# Langton's Ant*Tuesday, April 07, 2015*

Langton’s ant is a two-dimensional Turing machine with a very simple set of rules but complicated emergent behavior. It was invented by Chris Langton in 1986 and runs on a square lattice of black and white cells. The universality of Langton’s ant was proven in 2000. The idea has been generalized in several different ways, such as turmites which add more color and more state.

## Rules

Squares on a plane are colored variously either boac or white. We arbitrarily identify one square as the ‘ant’. The ant can travel in any of the four cardinal directions at each step it takes. The ant moves according to the rules:

- At a white square, turn 90 degrees right, flip the color of the square, move forward one unit.
- At a black square, turn 90 degrees left, flip the color of the square, move forward one unit.

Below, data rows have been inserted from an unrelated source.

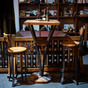 Original oak table + chairs set - buy in online gift store in Ukraine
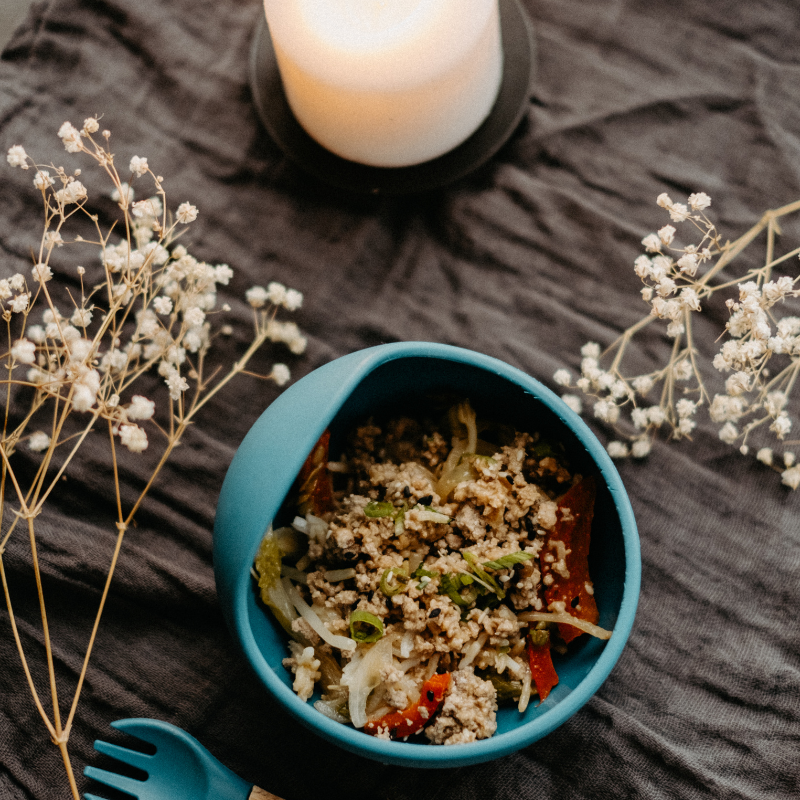 Bœuf coréen à la poire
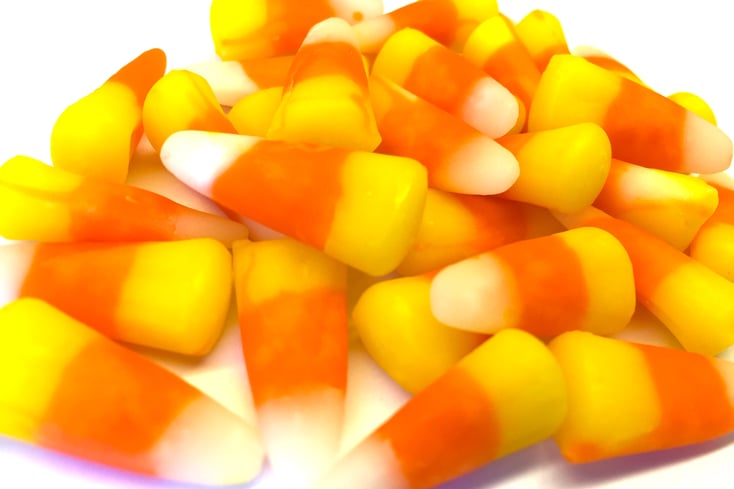 candy corn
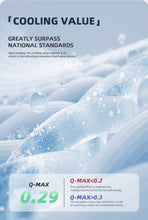 Load image into Gallery viewer, Breeze Premium Mattress Bed Ice Silk Cooling Set - breezehomeau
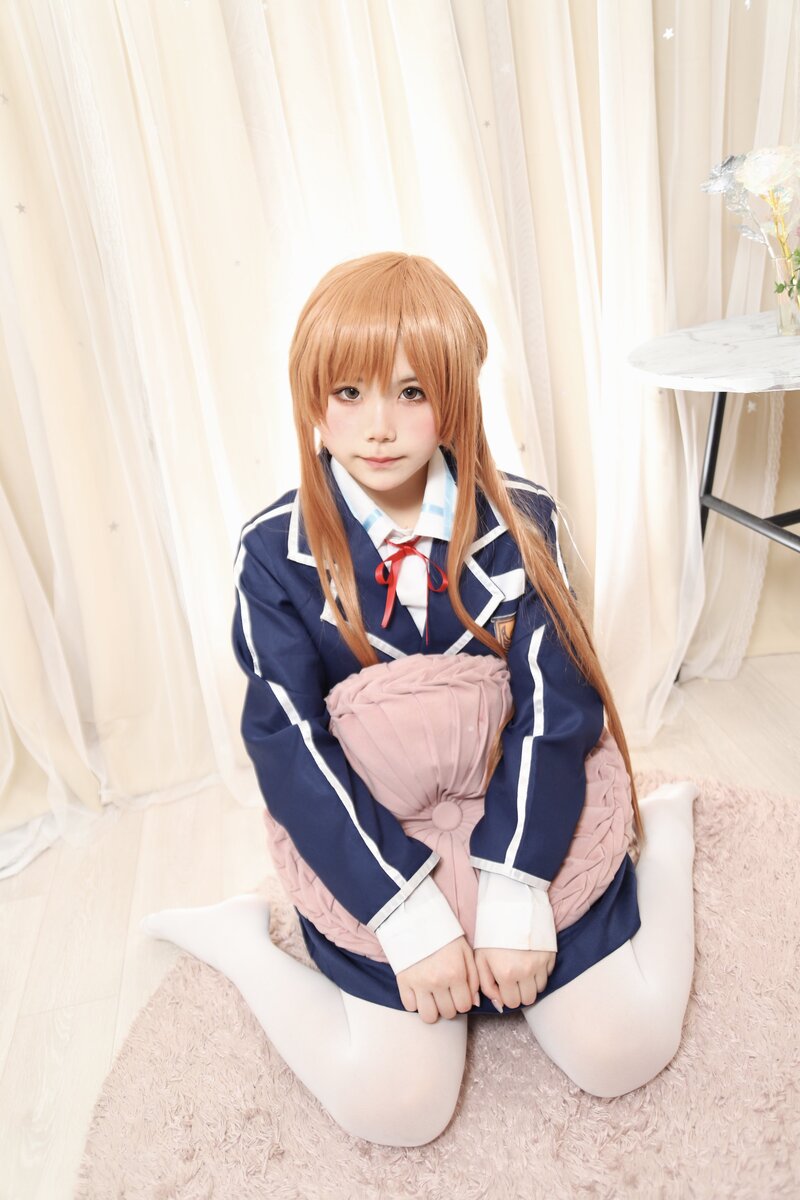asuna yuuki cosplay r34 3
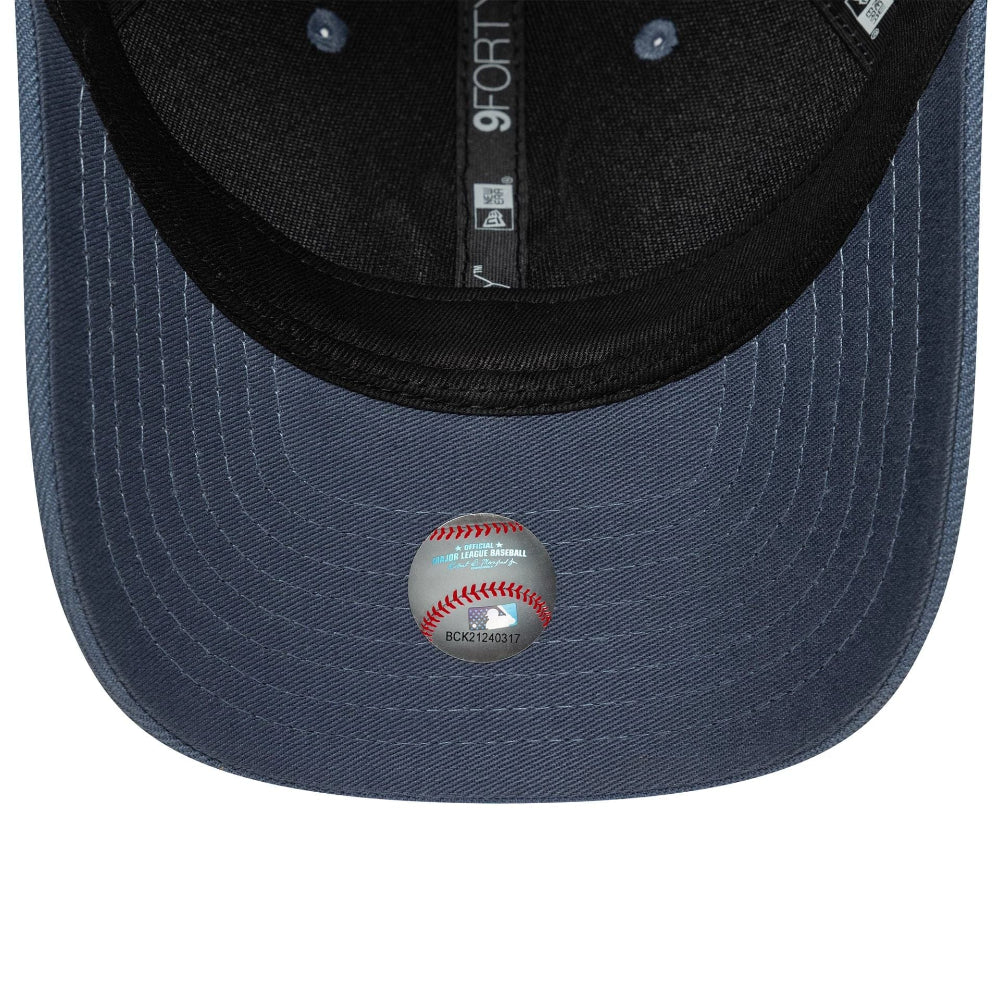 New Era - 9Forty M-Crown New York Yankees Cap - Blue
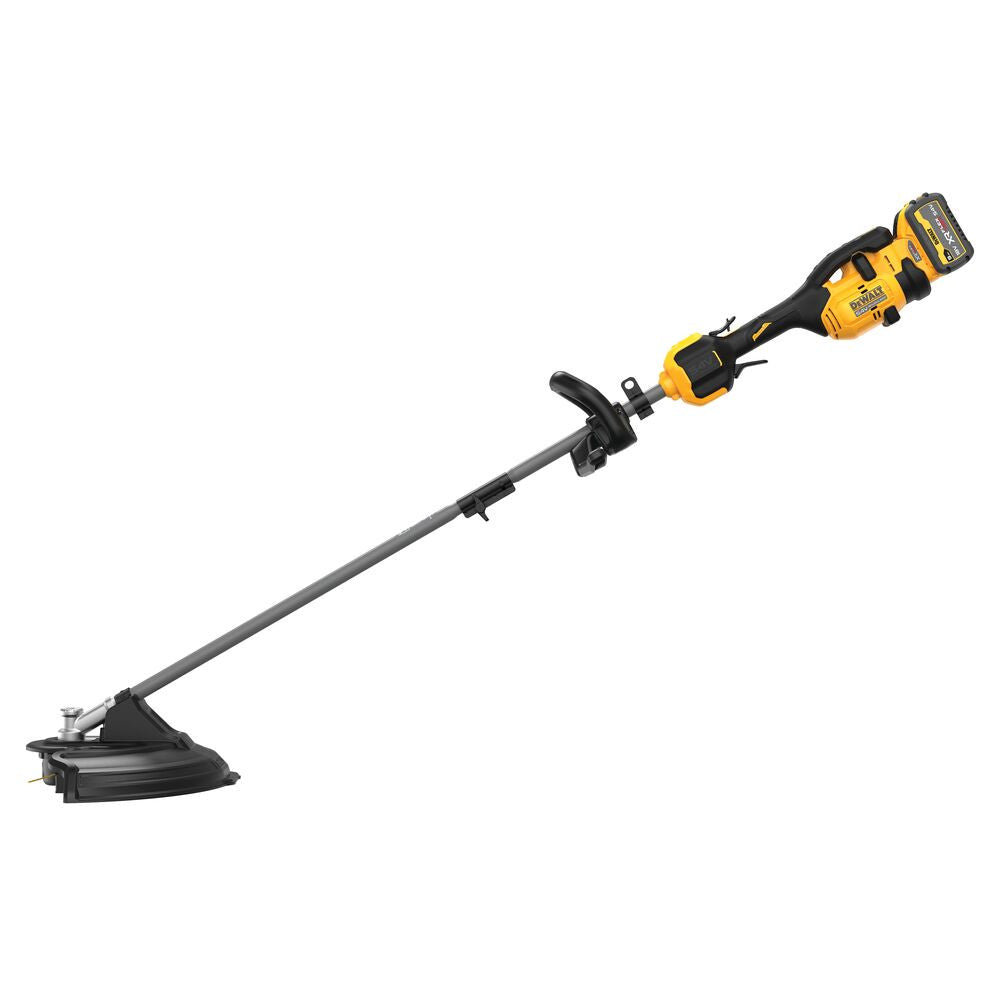 Combisyst Bloc moteur avec coupe-bordure 54V FlexVolt DEWALT DCMAS5713X1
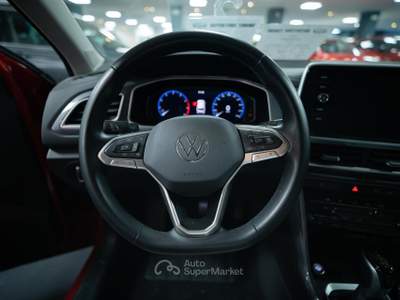 Volkswagen T-Roc 1.5 tsi Style dsg Rosso usata Torino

Langton’s ant can also be described as a cellular automaton, where the grid is colored black or white and the ‘ant’ square has one of the eight different color assigned to encode the combination of black/white state and the current direction of motion of the ant.

## Modes of behavior

These simple rules lead to complex behavior. Three distinct modes of behavior are apparent, when starting on a completely white grid.

- Simplicity. During the first few hundred moves it creates very simple patterns which are often symmetric.
- Chaos. After a few hundred moves, a big, irregular pattern of black and white squares appears. The ant traces a pseudo-random path until around 10,000 steps.
- Emergent order. Finally the ant starts building a recurrent ‘highway’ pattern of 104 steps that repeats indefinitely.

All finite initial configurations tested eventually converge to the same repetitive pattern, suggesting that the ‘highway’ is an attractor of Langton’s ant, but no one has been able to prove that this rule is true for all such initial configuration. It is only known that the ant’s trajectory i always unbounded regardless of initial configuration - this is knows as the Cohen-Kung theorem.